British Airways-Iberia to own 90% of Vueling after many shareholders decided to accept the takeover offer
IAG, the company resulting from the merger of British Airways and Iberia, improved its initial offer from €7 per share to €9.25 to buy 100% of the Catalan airline’s shares. Iberia already owned 45.85% of Vueling and the IAG offer aimed to buy the remaining 54.15%. However, IAG had already stated the operation would still be carried out if it could buy 4.16% of Vueling’s share, in order to own 50.01% of the airline. Finally, more than four fifths of the remaining shareholders decided to sell their stocks to IAG. The international airline will buy 44.66% of Vueling’s shares and then it will own 90.51% of the company based in Barcelona El Prat Airport. Vueling is one of the few European airlines that has made a profit in the last few years. It has a competitive business model, flying to more than 200 destinations.
Barcelona (ACN).- The Catalan airline Vueling will finally be bought out by IAG, the group resulting from the merger of British Airways and Iberia. A wide majority of Vueling shareholders decided to sell their stock to IAG, after the international group improved its original takeover offer. IAG already controlled 45.85% of Vueling, but it wanted full control of the airline based in Barcelona El Prat Airport. Its initial offer was rejected by the Catalan airline’s Board and in March IAG improved it, increasing the offer from €7 per share to €9.25 for the remaining 54.15% of Vueling. IAG’s aim was to buy 100% of the Catalan airline’s shares. However, IAG had already stated the operation would still be carried out if it could buy 4.16% of Vueling’s shares, in order to own 50.01% of the airline. Finally, 82.48% of the remaining shareholders decided to sell their stocks to IAG, as the Spanish Stock Market Regulation Authority (CNMV) reported on Tuesday. This means that the international airline will buy 44.66% of Vueling’s shares. If these stocks are added to the 45.85% originally owned by Iberia, IAG will own 90.51% of the company based in Barcelona. Vueling’s President, Josep Piqué, is satisfied with the operation. Vueling is one of the few European airlines that has made a profit in the last few years. In 2012, the Catalan airline had a €30 million profit. It has a competitive business model, evolving from a cost airline to a company offering the services of flagship airlines at lower prices. Vueling has operative bases in Spain but also in Western Europe such as in Paris Orly and Amsterdam. The Catalan company flies to more than 200 destinations, and is Barcelona El Prat Airport’s leading company.
IAG launched its takeover offer in November on 100% of Vueling’s shares, at a price that back then surpassed the stock exchange price at that moment by 28%. Initially, Vueling’s Board reacted positively to the operation but it finally rejected it because it considered that €7 per share was “not enough”. However, Vueling’s Board, which is chaired by the former Spanish Foreign Affairs and Industry Minister, Josep Piqué, accepted the improved offer, when IAG increased the price per share to €9.25.

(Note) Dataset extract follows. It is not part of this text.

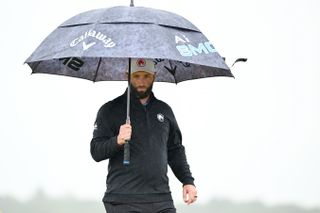 Jon Rahm walks under an umbrella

IAG is performing the operation through its subsidiary company Veloz Holdco. However, IAG is in the middle of a restructuring process in order to cut off the economic losses of Iberia. The viability plan for Iberia includes a mass lay-off affecting 3,800 workers.
Piqué is satisfied with the operation
The President of the Catalan airline stated that “the takeover process has concluded with the decision of a significant number of Vueling shareholders deciding to sell their stocks to IAG, following the recommendation of the company’s Board issued on the 9th of April”. According to Josep Piqué, the takeover price is “fair” and allows “Vueling’s full integration within the IAG structure, which offers important strategic opportunities for growth and future developments”. In addition, Piqué added that he is convinced that Vueling will keep the dynamism, innovative spirit and the competitiveness” that have characterised the Catalan company.